1 Introduction

Robotic Process Automation (RPA) is an automation technology that operates on the user interface (UI) of software applications and replicates, by means of a software (SW) robot, mouse and keyboard interactions to remove high-volume routine tasks (a.k.a. routines) [3]. To take full advantage of this technology in the early stages of the RPA life-cycle, organizations leverage the support of skilled human experts to:

  1. 1.

    identify the candidate routines to automate by means of interviews and observation of workers conducting their daily work;

  2. 2.

    record the interactions that take place during routines’ enactment on the UI of SW applications into dedicated UI logs, which are mainly used for debugging purposes only;

  3. 3.

    manually specify their conceptual and technical structure (often in form of flowchart diagrams), which will drive the development of dedicated RPA scripts reflecting the behavior of SW robots.

While this approach has proven to be effective to execute rule-based and well-structured routines [5], it becomes time-consuming and error-prone in presence of routines that are less deterministic and require decisions [7].

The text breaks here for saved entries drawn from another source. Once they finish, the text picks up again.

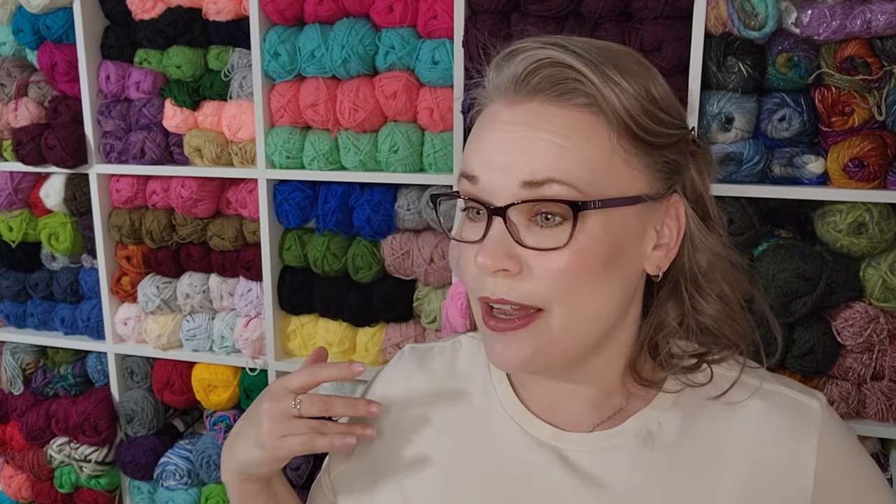I'm probably going to say this in every video I film today. I am filming three or four videos today. I have no idea what order they're going to go up in or how to plan for these to be going out, because I'm trying to film what I have ready to film and what I need out of my dining room area.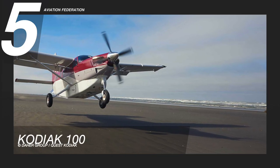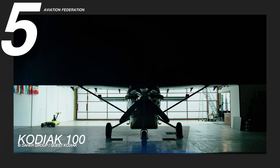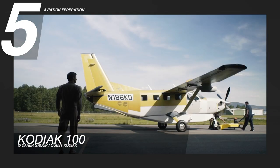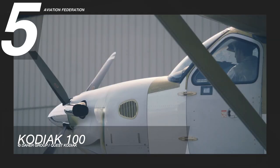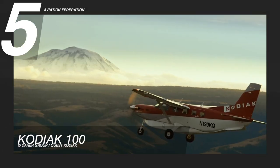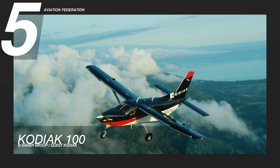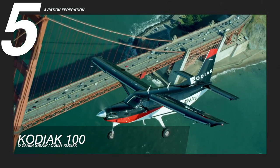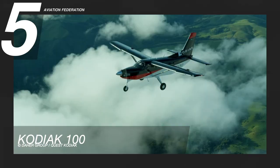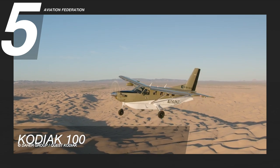Starting at number 5 is the Kodiak 100. It is an American utility aircraft with fixed tricycle landing gear, built by Quest Aircraft. This airplane has a cruising speed of 183 knots and a maximum range of 1,132 nautical miles. Its maximum take-off weight is 7,255 pounds, while its maximum altitude is 25,000 feet. This model has a maximum fuel capacity of 320 gallons.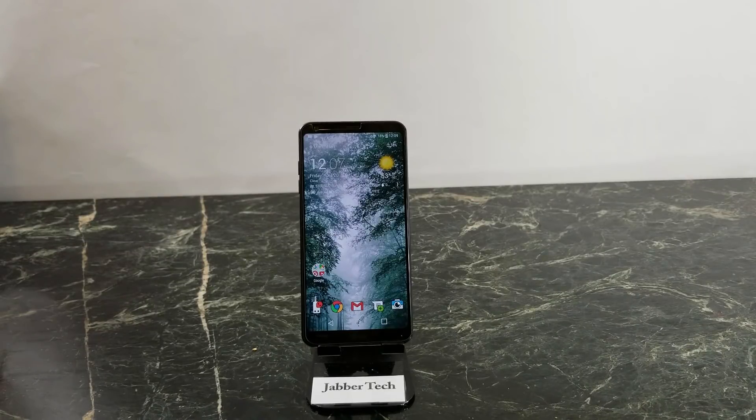What's going on YouTube? This is Jabber and today I'm just going to give you my thoughts on the LG G6 about one year later, especially now that the G7 ThinkQ is about to be announced on May 7th. Let's find out if you should pick up the G6 at its current $200 or less price tag on the used market.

In this paper, we tackle the above issue by presenting SmartRPA, an open-source software tool that is able to reason over the UI logs keeping track of many routine executions (cf. step 2), and to automatically synthesize SW robots that emulate the most suitable routine variant for any specific intermediate user input that is required during the routine execution, thus skipping completely the manual modeling activity of the flowchart diagrams (cf. step 3). SmartRPA implements the approach presented in [2] and is available for download at https://github.com/bpm-diag/smartRPA/.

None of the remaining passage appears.